Anche se noi tutti tendiamo a perdere gradualmente alcune funzioni cognitive man mano che invecchiamo, questo libro vuole dimostrare che non esiste una “malattia di Alzheimer” che si impadronisce di anziane vittime o che erode la nostra personalità. Qualora dovessimo ricevere un’etichetta di malattia di alzheimer o di "mci" (mild cognitive impairment, si tratta di uno stadio che per gli studiosi precede quello di demenza, ndr) dovremmo ricordare che il declino cognitivo non segue un’unica traiettoria né procede attraverso una serie di tappe obbligate. Questa non è una semplice disquisizione semantica sui termini “malattia di alzheimer” e “senilità”. Gli scienziati non concordano ancora su che cosa sia veramente l’Alzheimer. Come vedremo, si tratta di una malattia priva di una definizione chiara; non c’è consenso unanime sul modo di differenziare con certezza questa malattia dal normale invecchiamento, tanto che ogni diagnosi può essere solo “possibile” o “probabile”, e ogni singolo caso ha un decorso individuale e imprevedibile.

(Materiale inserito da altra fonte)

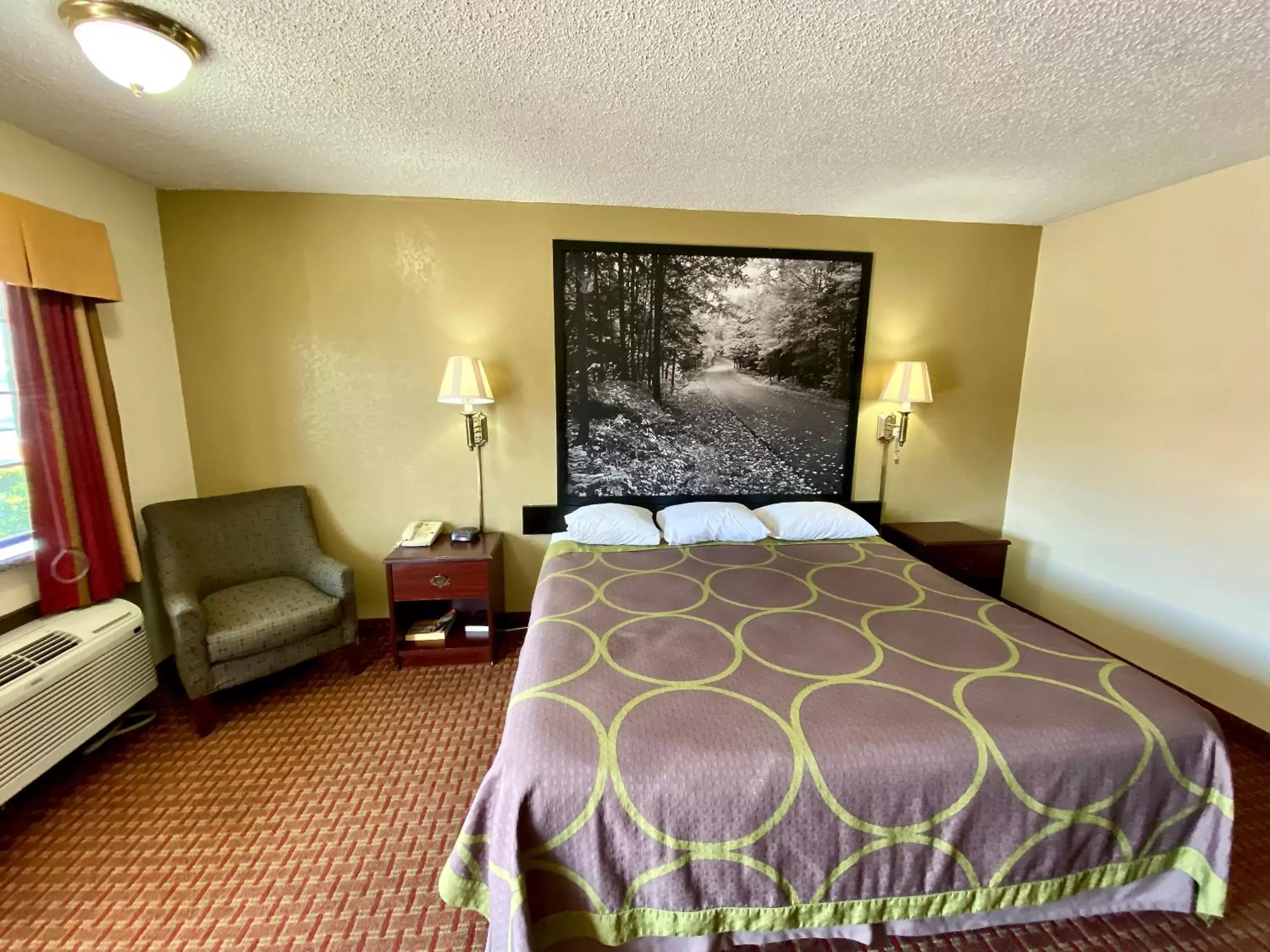 Bedroom, Bed in Super 8 by Wyndham Shawnee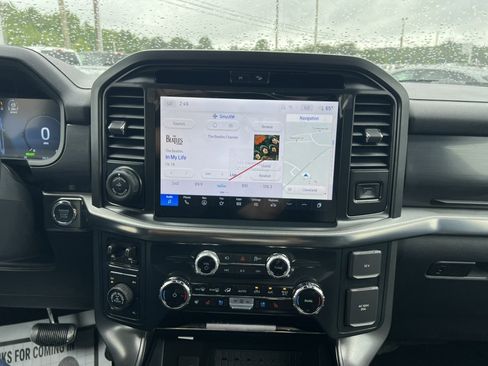 New 2025 Ford F150 Lariat w/ Equipment Group 501A Mid image 21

Le terapie attualmente disponibili non sono efficaci e quando si parla di “cura” ci si basa sulla fede nella scienza e non su un’analisi accurata dei dati scientifici. Una cosa però la sappiamo: la malattia di alzheimer è diventata un’impresa multimiliardaria e l’etichetta di ad (=malattia di alzheimer) viene in gran parte promossa dalle aziende farmaceutiche e da alcuni illustri accademici. Questi e altri soggetti sfruttano da un punto di vista imprenditoriale la rappresentazione iperbolica dell’ad per focalizzare l’interesse sulla demenza, massimizzare il sostegno alla ricerca e tenere in piedi l’impero clinico che è stato costruito intorno all’alzheimer. La storia medicalizzata dell’ad genera paura, paranoia, angoscia ed emarginazione evocando immagini potenti, che condizionano i malati e la società. Una diagnosi di ad può corrispondere all’emissione di una sentenza che imprigiona nel braccio della morte intellettuale molte persone anziane che sono ancora in buone condizioni funzionali. Nel tentativo di rimuovere dal decadimento cognitivo quel senso di disonore che vi si associa, utilizzando un’etichetta che potesse assolvere gli individui da ogni colpa, abbiamo invece peggiorato l’ostracismo che i pazienti subiscono. Le parole che scegliamo per descrivere le malattie possono essere nocive da un punto di vista sia personale sia sociale.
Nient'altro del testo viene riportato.